Patryk Dudek. FOT. JĘDRZEJ ZAWIERUCHA
Share on facebook
Share on twitter
Share on linkedin
Share on email
Share on whatsapp

PGE Ekstraliga wkracza w kluczową fazę. Przed nami osiem spotkań, które zadecydują o podziale medali w sezonie 2019. Do rundy play-off ze sporymi problemami przystępuje Stelmet Falubaz Zielona Góra. Drużyna z południa województwa lubuskiego tuż przed najważniejszymi meczami straciła jednego z liderów – Nickiego Pedersena.

Asem w rękawie zielonogórzan na niedzielny pojedynek ma być Martin Smolinski. Niemiec w ostatnim czasie notuje bardzo dobre występy, a nawet był blisko awansu do cyklu Grand Prix. Wyścigi z najlepszymi żużlowcami PGE Ekstraligi mogą być jednak dla 35-latka trudnym wyzwaniem.

– Martin jest świadomy rangi niedzielnego meczu i wie, że musimy zbudować sobie przewagę przed rewanżem. Po ostatnich zawodach, w których uległ wypadkowi, dochodzi do siebie i jest pod stałą opieką fizjoterapeutów. W sobotę czeka go jeszcze start w cyklu Grand Prix i myślę, że wszystko będzie w porządku – mówi Tomasz Walczak, kierownik zielonogórskiej ekipy.

Sztab szkoleniowy Stelmet Falubazu w awizowanym składzie ustawił Smolinskiego pod numerem 10. To decyzja dość spodziewana, bo nikt tak naprawdę nie jest w stanie ocenić jak Niemiec może spisać się w tak istotnych zawodach.

– Zbyt dużym ryzykiem byłoby wystawienie Martina pod numerem innym niż 10. Dawno go nie było tutaj na naszym zielonogórskim torze i nie wiemy jaka będzie jego dyspozycja. Sygnalizował on wprawdzie wysoką formę w lidze szwedzkiej i Grand Prix Challenge, ale dajemy sobie ten zawór bezpieczeństwa.
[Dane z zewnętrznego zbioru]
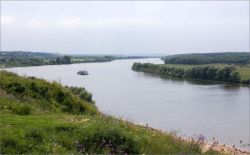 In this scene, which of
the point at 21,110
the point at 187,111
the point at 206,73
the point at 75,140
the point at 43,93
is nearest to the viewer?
the point at 75,140

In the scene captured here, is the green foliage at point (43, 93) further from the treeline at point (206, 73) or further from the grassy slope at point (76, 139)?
the treeline at point (206, 73)

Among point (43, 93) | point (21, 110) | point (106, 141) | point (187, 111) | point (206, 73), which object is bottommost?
point (187, 111)

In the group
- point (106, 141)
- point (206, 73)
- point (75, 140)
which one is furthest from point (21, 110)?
point (206, 73)

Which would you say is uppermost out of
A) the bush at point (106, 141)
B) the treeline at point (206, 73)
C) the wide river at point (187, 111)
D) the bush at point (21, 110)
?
the bush at point (21, 110)

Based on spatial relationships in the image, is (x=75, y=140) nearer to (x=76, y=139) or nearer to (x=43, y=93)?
(x=76, y=139)

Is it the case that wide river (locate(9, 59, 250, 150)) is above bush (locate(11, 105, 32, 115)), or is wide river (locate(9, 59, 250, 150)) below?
below

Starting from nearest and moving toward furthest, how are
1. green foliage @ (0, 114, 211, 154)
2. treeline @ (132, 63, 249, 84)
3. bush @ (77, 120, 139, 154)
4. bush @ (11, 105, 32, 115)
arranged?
green foliage @ (0, 114, 211, 154)
bush @ (77, 120, 139, 154)
bush @ (11, 105, 32, 115)
treeline @ (132, 63, 249, 84)

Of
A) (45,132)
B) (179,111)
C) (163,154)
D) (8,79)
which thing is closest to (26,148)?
(45,132)

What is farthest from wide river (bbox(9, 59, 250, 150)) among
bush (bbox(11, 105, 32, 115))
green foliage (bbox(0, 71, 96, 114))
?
bush (bbox(11, 105, 32, 115))

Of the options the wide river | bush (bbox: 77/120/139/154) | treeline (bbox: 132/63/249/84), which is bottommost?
the wide river

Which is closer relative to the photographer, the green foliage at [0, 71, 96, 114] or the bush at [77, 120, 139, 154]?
the bush at [77, 120, 139, 154]

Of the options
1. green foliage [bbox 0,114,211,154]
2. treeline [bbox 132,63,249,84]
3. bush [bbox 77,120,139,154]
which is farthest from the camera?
treeline [bbox 132,63,249,84]

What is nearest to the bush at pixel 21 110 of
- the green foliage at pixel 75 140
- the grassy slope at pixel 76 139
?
the grassy slope at pixel 76 139

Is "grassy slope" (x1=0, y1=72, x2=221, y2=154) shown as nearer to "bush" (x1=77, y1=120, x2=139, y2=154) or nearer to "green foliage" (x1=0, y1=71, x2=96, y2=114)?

Chcemy wykorzystać naszych liderów, a Martin ma dołożyć kilka cennych punktów potrzebnych do zbudowania przewagi przed meczem rewanżowym – dodaje kierownik Stelmet Falubazu.

Zielonogórzanie w niedzielnym spotkaniu muszą liczyć przede wszystkim na dwóch zawodników. Do triumfu Stelmet Falubazu jest potrzebna świetna dyspozycja żużlowców, którzy wezmą udział w turnieju Grand Prix w Teterow. Spokojny o odpoczynek przed meczem półfinałowym jest Patryk Dudek.

– W sobotę mamy kolejną rundę Grand Prix w Teterow. Będzie tam trzeba odjechać dobre zawody i wrócić na niedzielne spotkanie. Na szczęście nie będzie to długa trasa, bo raptem cztery godzinki i będziemy w domu. Zdążę więc wypocząć przed niedzielnymi zawodami i będę gotowy – ocenia „Duzers”.

Ważne zadanie czeka w niedzielny wieczór również Martina Vaculika. Drugi najskuteczniejszy zawodnik PGE Ekstraligi będzie prowadził pierwszą parę z Martinem Smolinskim i ma za zadanie wygrywać kluczowe pojedynki z takimi żużlowcami jak Tai Woffinden czy Maciej Janowski.

– Moim zdaniem my nie jesteśmy pod presją. To Wrocław jest tą drużyną, która musi, a my tą, która może. Podchodzimy do spotkania oczywiście bardzo skupieni, ale mamy przed tym meczem trochę takiego psychicznego luzu. Zrobimy wszystko, żeby wygrać ten mecz jak największą różnicą punktów – komentuje Słowak.